Serving clients in Beaumont, Jasper, Port Arthur, Nederland, Groves, Vidor, Orange, Winnie and other Southeast Texas cities

Lawyers refer to claims for injuries that occur on someone else’s property as a premises liability case. Whether someone slips and falls on some substance on the grocery store floor, is hit by a forklift in a mass merchandising store, trips over a loose brick on a walkway, is hit when a poorly nailed painting falls in someone’s home, or is injured in a refinery explosion, the case will always be some sort of premises liability claim. Unfortunately, the law that has developed about these claims is complex and Texas law has not followed the trend in many states to decide that all premises owners and occupiers must simply exercise reasonable care to prevent injuries to people on their property given the circumstances existing at the time. Analysis of premises liability cases is a daily activity for board certified personal injury attorneys like those at Bush Lewis, PLLC, but seem very odd or even foreign to the average person.

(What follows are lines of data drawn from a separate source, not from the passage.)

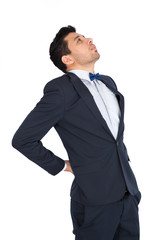 Handsome man doing different expressions in different sets of clothes: backache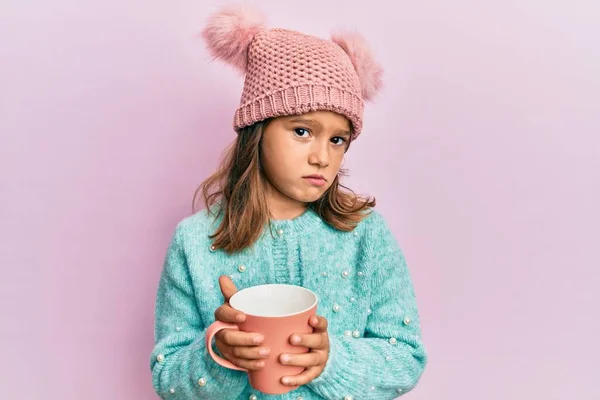 Kleine Schöne Mädchen Mit Rosa Becher Trägt Niedliche Wollmütze Skeptisch — Stockfoto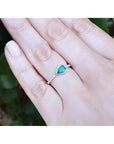 14K white gold ring with a bezel-set east-west teardrop emerald and diamond accents.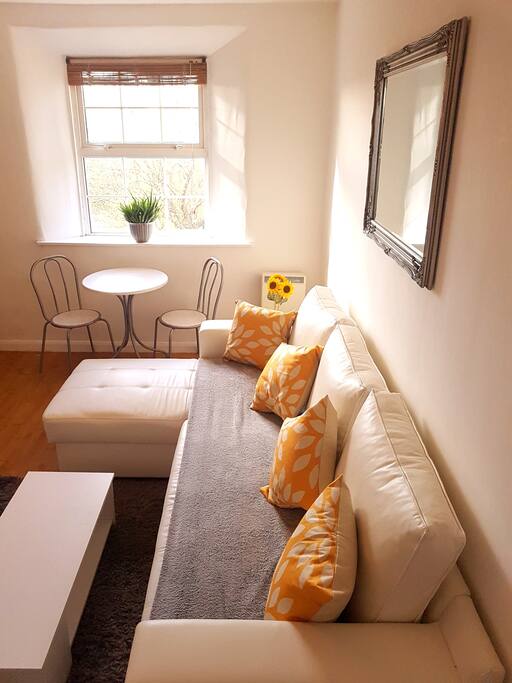 The front room sofa turns into a double bed and there's plenty of duvets, throws and extra pillows housed inside.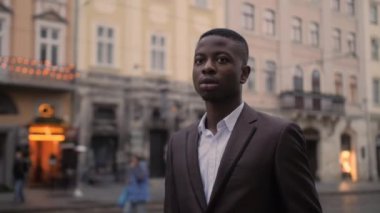 Portrait of handsome african man in stylish suit posing on street of city. Young businessman standing outdoors and looking aside.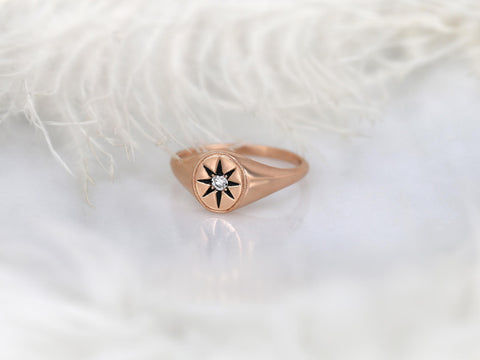 Rose gold ring with a star motif and small center diamond displayed on a soft white feather background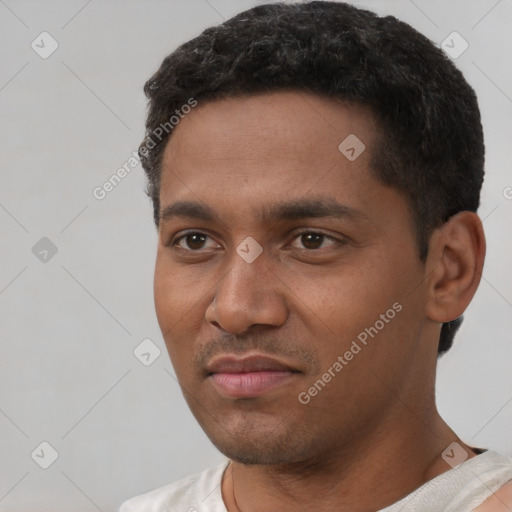 Neutral black young-adult male with short  black hair and brown eyes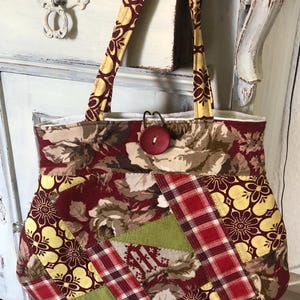 Könnte beinhalten: Eine Patchwork-Tragetasche mit rotem, grünem und gelbem Blumendruck. Die Tasche hat einen roten Knopf und zwei braune Henkel.
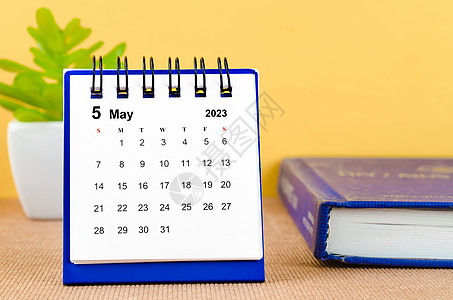 2023年5月的月度案头日历 上面有一本黄色背景的书图片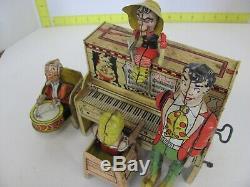 Vintage Unique Art Lil' Abner & The Dog Patch 4 Man Band Tin Litho Wind Up Toy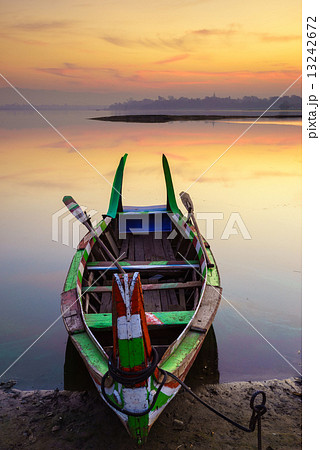 Wooden boat in Ubein Bridge at sunrise, Mandalay, Myanmar 13242672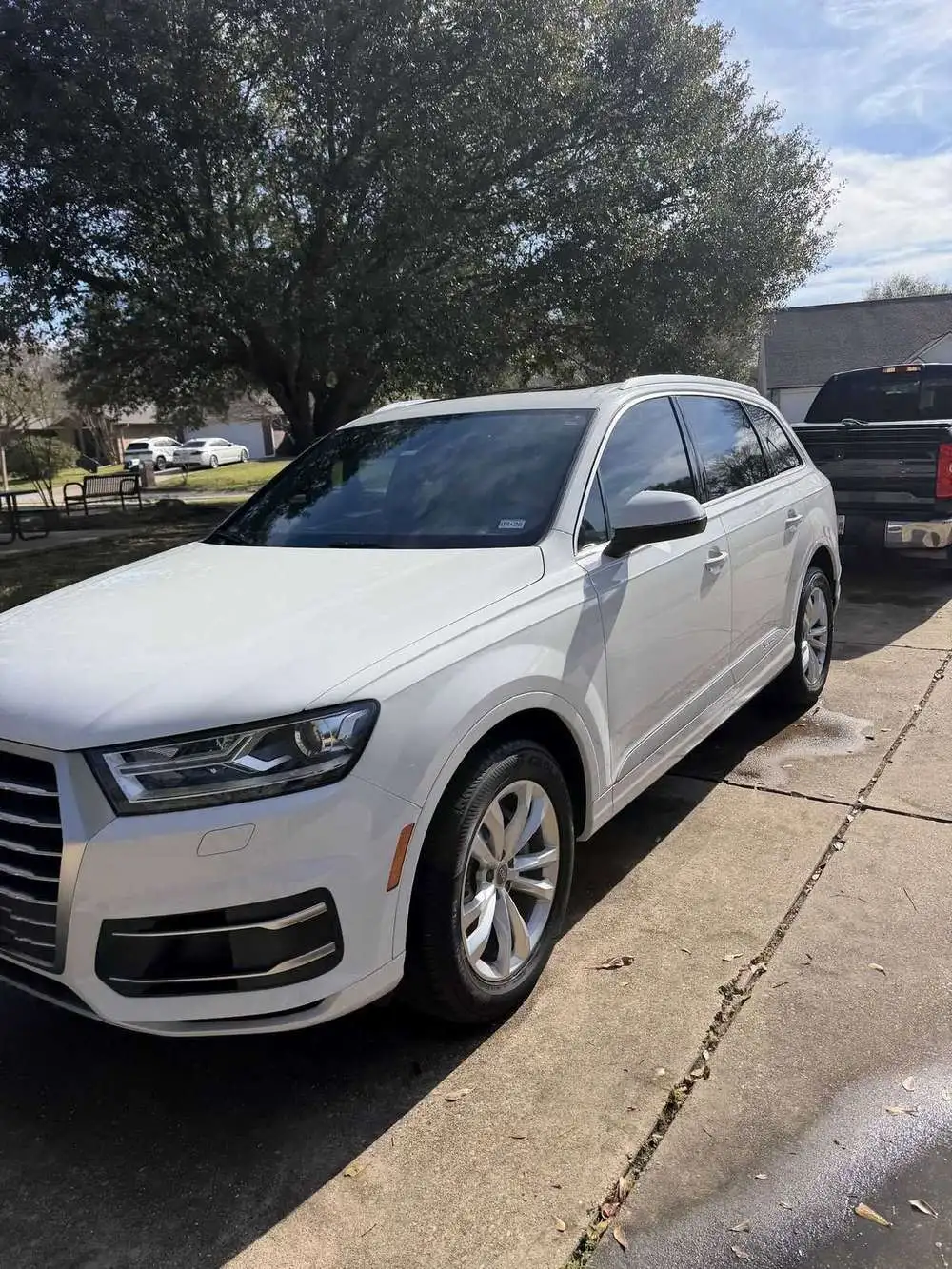 Exterior detail on white Audi Q7 in Navasota TX by Kurtz Auto Detailing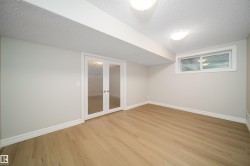 Well-lit room featuring wood-finish flooring, white baseboards, and a neutral wall color - 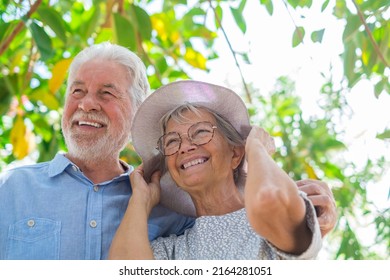 Elderly couple embracing in spring park outdoors having fun and enjoying together looking at the trees. Two old and mature people in love caring each other. - Shutterstock ID 2164281051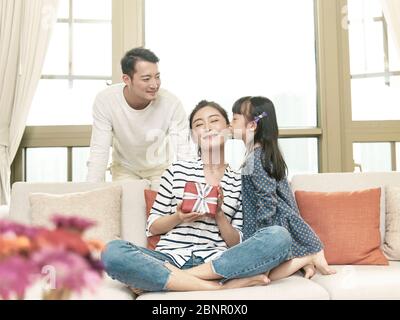 little asian gilr daughter kissing mother on the cheek after giving a present Stock Photo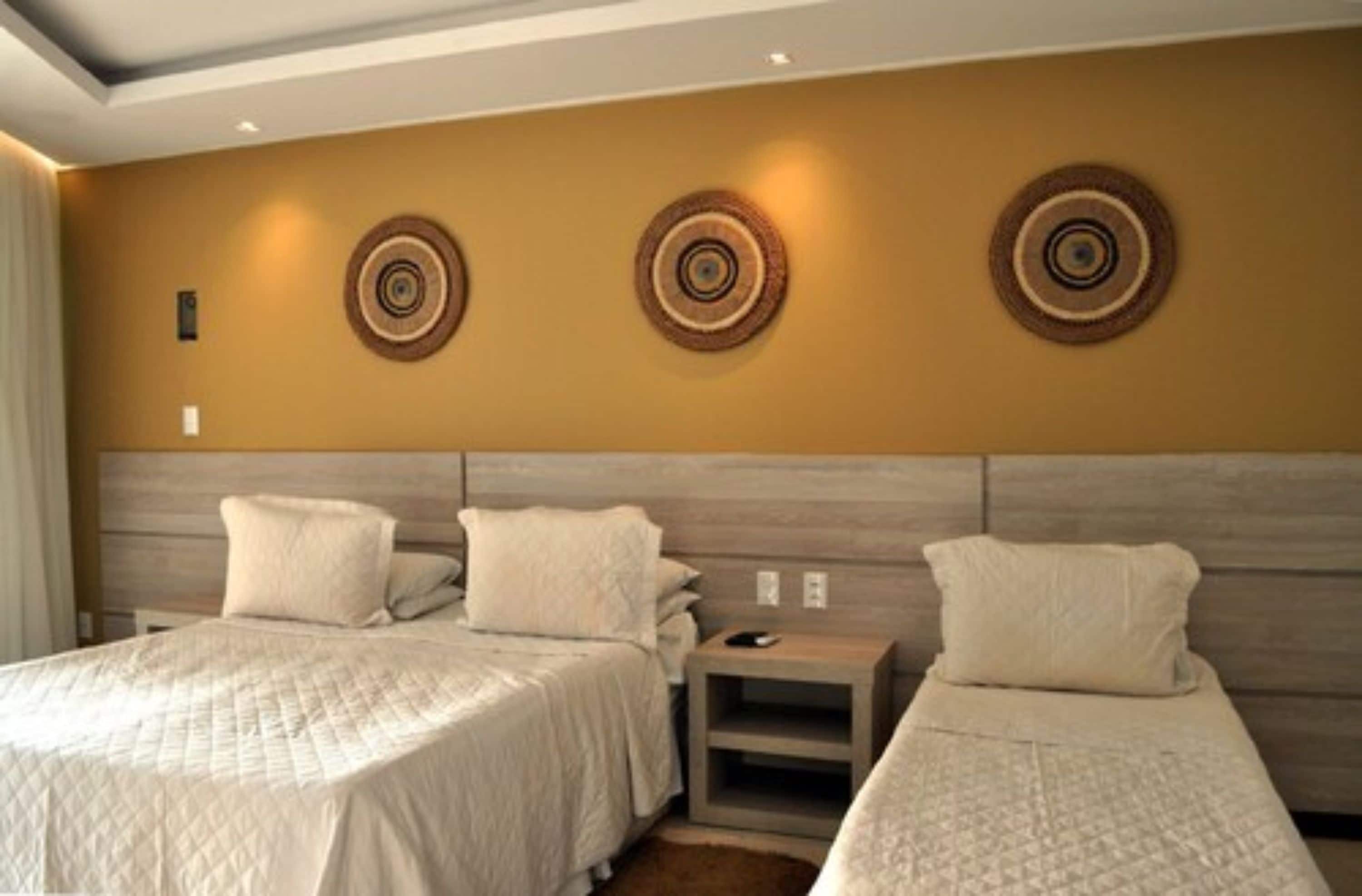 A hotel room with two beds, a wooden headboard, and decorative wall art.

Cause of Injury: Activity vs. Condition

Not all injuries occurring on a property provide the potential basis for a successful premises liability claim against the owner or occupier of the premises. Whether someone is injured as a visitor in the home of a friend or as a customer in a place of business, the owner or occupier of the premises where the injury occurred is not automatically responsible for the injury. The initial determination should be whether the injury was caused by a negligent activity or by a dangerous condition on the property. When a negligent activity on a premise causes an injury, the injured person has a claim for ordinary negligence against the person or business involved in the negligent activity instead of a premises liability claim for a dangerous condition. Texas law allows a negligent activity claim against a premises occupier only if the activity is still ongoing or the injury occurred off the premises or when the activity occurred off the owner’s premises but created a dangerous condition on the owner’s premises. Once a negligent activity by a premises occupier is completed but leaves a dangerous condition, the only claim against the occupier is a premises liability claim for the dangerous condition that remained after the activity was over and not for the original negligent activity.

Control of the Premises Creates Responsibilities to Those Who Enter Premises

The person or entity responsible for the safety of the premises may be the person who owned, occupied, or controlled the premises. Usually the entity who possesses the property is the one who is responsible because that is typically the one who controls the property. The type control necessary to be legally responsible is the ability to oversee, administer, manage, direct, regulate, govern, superintend, or direct. The determination of who has this actual control of particular premises may be decided by contract or conduct. Such control might rest with the current owner, a former owner, an occupier, a tenant, or a lessee. Generally, only the person with actual legal control could ever be legally responsible for injuries to a person on the premises and only if they owed a legal duty (or level of care) to the injured person and violated that legal duty.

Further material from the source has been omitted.